(Activity):
Reproduce, without alteration, every line of the data; exclude the images.

(Provided data):

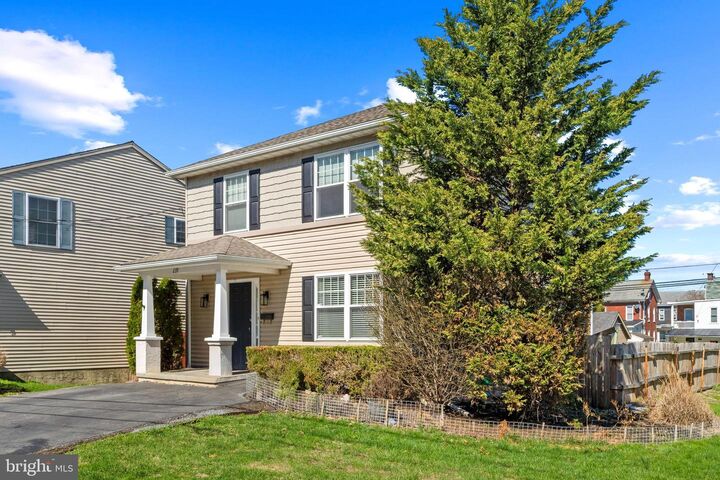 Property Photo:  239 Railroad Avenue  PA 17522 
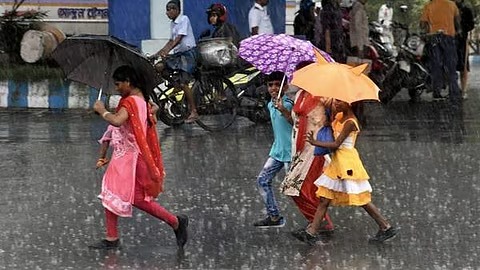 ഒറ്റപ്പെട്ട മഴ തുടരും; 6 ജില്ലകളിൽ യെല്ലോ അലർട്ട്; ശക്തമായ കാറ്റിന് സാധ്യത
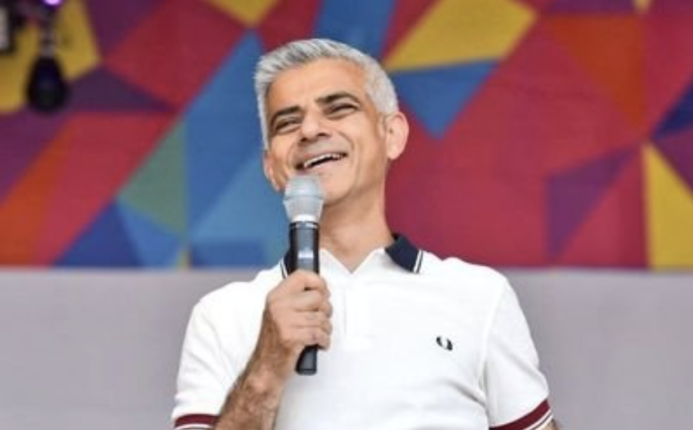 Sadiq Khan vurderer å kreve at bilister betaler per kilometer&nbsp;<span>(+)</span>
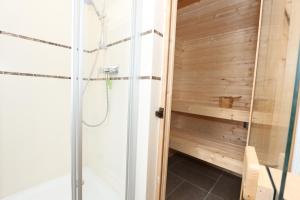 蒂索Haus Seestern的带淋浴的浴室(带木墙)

(Answer section):
 Property Photo:  239 Railroad Avenue  PA 17522 
 ഒറ്റപ്പെട്ട മഴ തുടരും; 6 ജില്ലകളിൽ യെല്ലോ അലർട്ട്; ശക്തമായ കാറ്റിന് സാധ്യത
 Sadiq Khan vurderer å kreve at bilister betaler per kilometer&nbsp;<span>(+)</span>
 蒂索Haus Seestern的带淋浴的浴室(带木墙)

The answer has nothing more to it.